How does Lincoln Youth Football use gate proceeds?
Two years ago, the Lincoln Youth Football League, which was previously known as Lincoln Midget Football, began collecting a $1 spectator fee.
This year, that fee increased to $3 per game. The nonprofit football program for boys and girls in grades 4-8 will wrap up its season this week with Championship and All-Star Sunday at Seacrest Field.
Players are divided into divisions based on their age, weight and skill and each team plays a minimum of seven regular-season games — mostly on Sundays — at the Runza Sports Complex at First and South streets. After Sunday's finale, the league will have played a total of 170 games this fall.
A reader wondered how the league was keeping track of the money being collected at the gate. He said he worried the teenagers taking cash weren't being supervised and because no tickets were issued there wouldn't be an accounting of how much money there should be at day's end.

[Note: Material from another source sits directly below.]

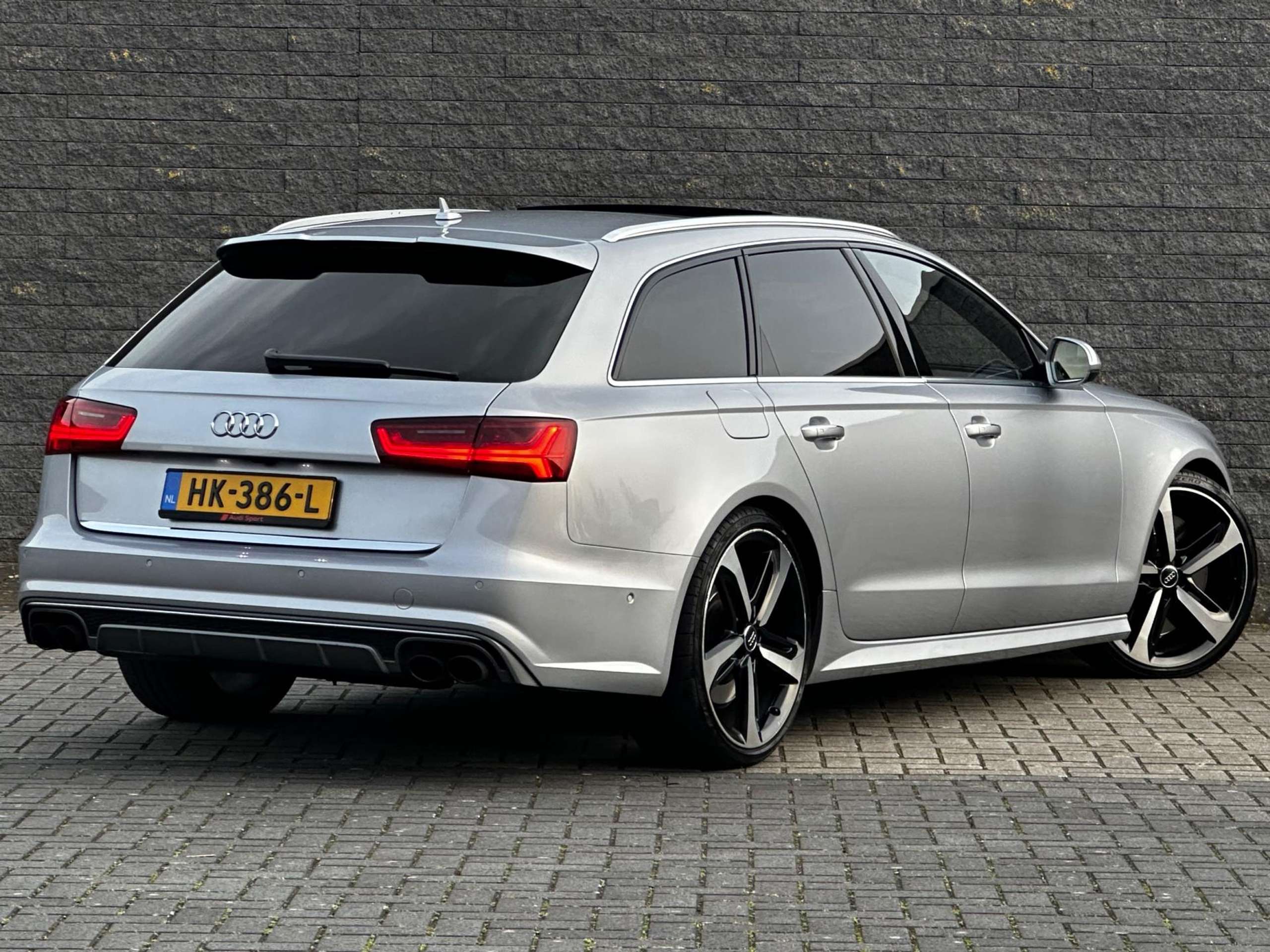 Audi - S6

League President Joel Cramer said the league's chief operating officer was always present on Sundays from 9 a.m. to 6 p.m. to supervise the high school students hired to collect the gate fees, punch the regular-season pass cards and stamp hands for reentry. A uniformed off-duty police officer helped monitor the gate.

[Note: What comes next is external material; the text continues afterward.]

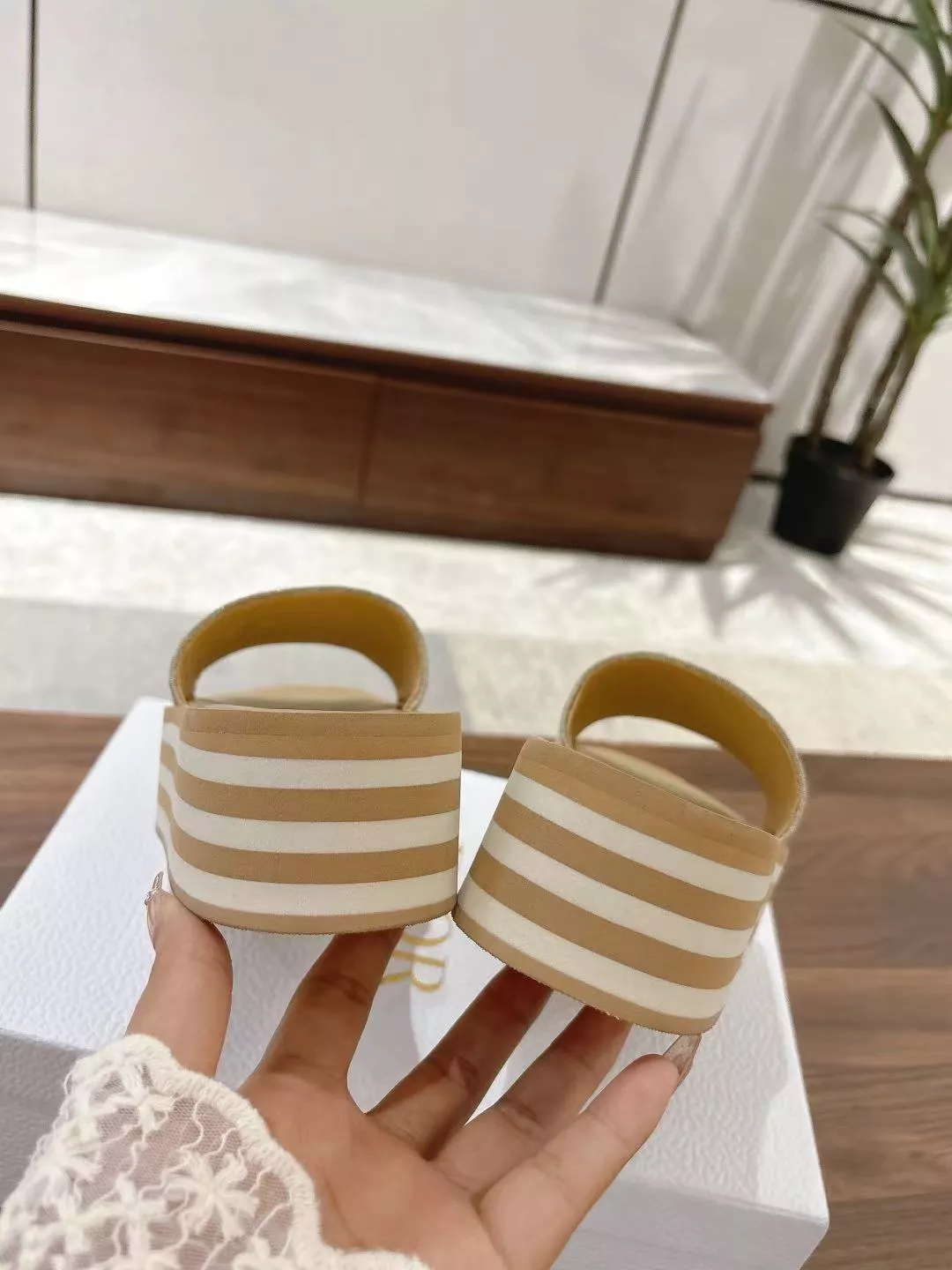 Stylish 7645 Christian Dior Slippers For Women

This year, regular-season passes were sold before the season started and punch cards helped reduce the amount of cash and credit card transactions at the gate.
Last year's gate fees helped the league assist 100 players this season with scholarships to cover the $275 registration fee, Cramer said. This year's gate fees will again provide about 100 player scholarships in 2020, as well as help pay for the league's three primary expenses: equipment, player insurance and referees.
Cramer said the league, which had as many as 1,300 players in 2011, has seen a resurgence after the number dropped below 900 in 2017. This year, the league was back to 1,000 players, a 12% increase in registrations from 2018.
In addition to more players, the league has four new team sponsors: Allo, Stonebrook Exterior, Sandhills Global and Green’s Furnace & Plumbing. They join existing sponsors Elks Club, Manzitto Construction, Neemann & Sons, Police and Union Bank & Trust.
This was also the first year for Flex Football, a minimum-contact alternative for the youngest players, ages 6-8. About 60 players signed up for four teams. Players wear flags and soft-shell shoulder pads and helmets to help them transition from flag football to tackle football.
Some less-visible improvements, Cramer said, have been a new online registration and scheduling system, USA Football youth coaching certification requirements, unified rules and four part-time employees.
"Overall, I believe that our new image and upward trajectory has reinvigorated our community’s excitement surrounding youth football in Lincoln," Cramer said.